This is a mature work reporting about BOT, which is released as a public draft by the authors' Linked Building Data Community Group. Authors do great job in placing the work among related work, and provide evidence via examples (of the ontology elements), via practise (when using with other ontologies), and via evaluation (both "BOT and BOT exporters").

(2) Illustration, clarity and readability of the describing paper, which shall convey to the reader the key aspects of the described ontology.
This is a very good piece of work, very clear, lots of illustrations, excellent read. I am totally convinced that this new revision of the paper can be published as it is. The authors addressed my question on different kinds of spaces, and to what I checked also concerns by other reviewers.

Review #2
By Yingjie Hu submitted on 15/Oct/2019
Suggestion:
Accept
Review Comment:

The authors have successfully addressed my comments. This is a solid ontology description paper and I recommend it for publication.

Review #3
By Simon Scheider submitted on 19/Oct/2019
Suggestion:
Minor Revision
Review Comment:

The authors did a good job in revising the manuscript, addressing all my suggestions and questions.
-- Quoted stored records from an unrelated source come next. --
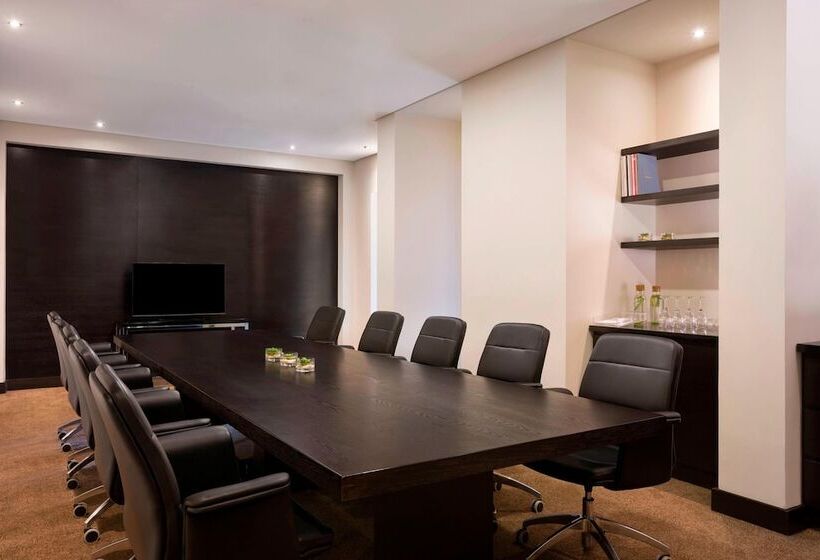 בית מלון כפרי The Westin Cairo Golf Resort & Spa, Katameya Dunes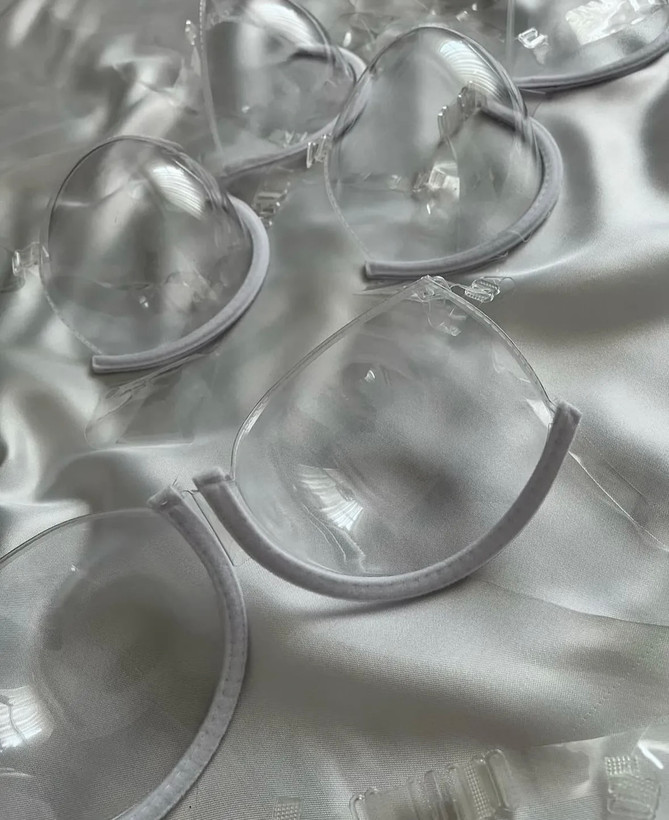 سوتین شیشه ای (سوتین استخری)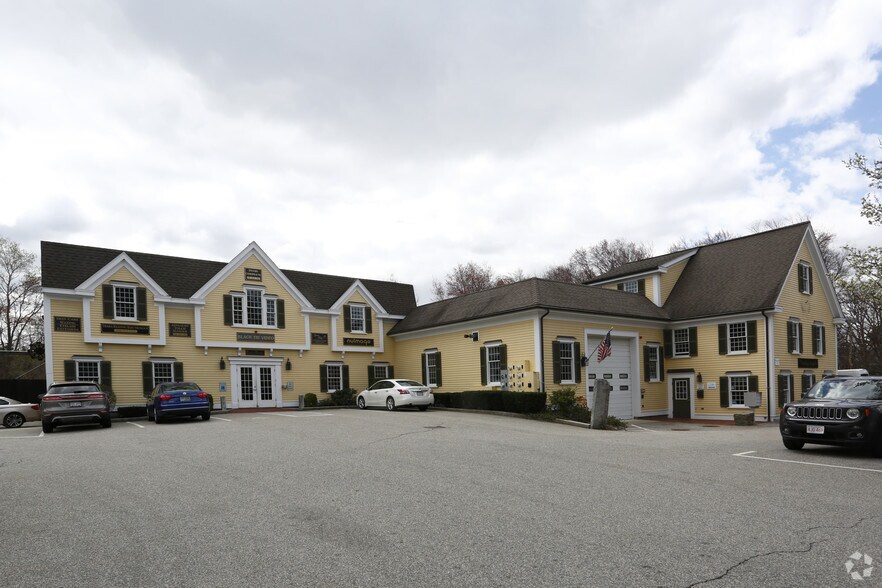 286 Park St, North Reading, MA 01864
The only things left are two minor issues:

- The competency question in section 3.1 make sense. However, right now they are not formulated as questions but rather as propositions. If the authors want to keep the term "CQ", then they should reformulate propositions as questions. For example, "Which sites, buildings, storeys and spaces are included by the 3D volumes of zones?".

- The authors should check the grammar of some of the newly added sentences. For example, "From anyone in design and construction [...] it is therefore fundamental to have these concepts" is not a grammatical English sentence.

The manuscript can directly be accepted with these improvements.